[[ Task material open ]]

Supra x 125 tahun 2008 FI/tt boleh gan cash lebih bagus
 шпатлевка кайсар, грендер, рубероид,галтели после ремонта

[[ Task material closed ]]
[[ Task material open ]]

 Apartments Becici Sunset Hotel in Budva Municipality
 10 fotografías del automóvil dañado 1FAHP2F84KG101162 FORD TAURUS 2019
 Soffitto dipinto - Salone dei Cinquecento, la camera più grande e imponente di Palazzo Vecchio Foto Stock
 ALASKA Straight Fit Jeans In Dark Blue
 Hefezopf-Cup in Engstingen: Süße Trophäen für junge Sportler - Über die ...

[[ Task material closed ]]

**What to work on**
When the line with "10 fotografías del" is reached in the data above, start copying there, and copy each line exactly until the line with "Hefezopf-Cup in Engstingen: Süße" has been copied; copy nothing else.

**Response area**
 10 fotografías del automóvil dañado 1FAHP2F84KG101162 FORD TAURUS 2019
 Soffitto dipinto - Salone dei Cinquecento, la camera più grande e imponente di Palazzo Vecchio Foto Stock
 ALASKA Straight Fit Jeans In Dark Blue
 Hefezopf-Cup in Engstingen: Süße Trophäen für junge Sportler - Über die ...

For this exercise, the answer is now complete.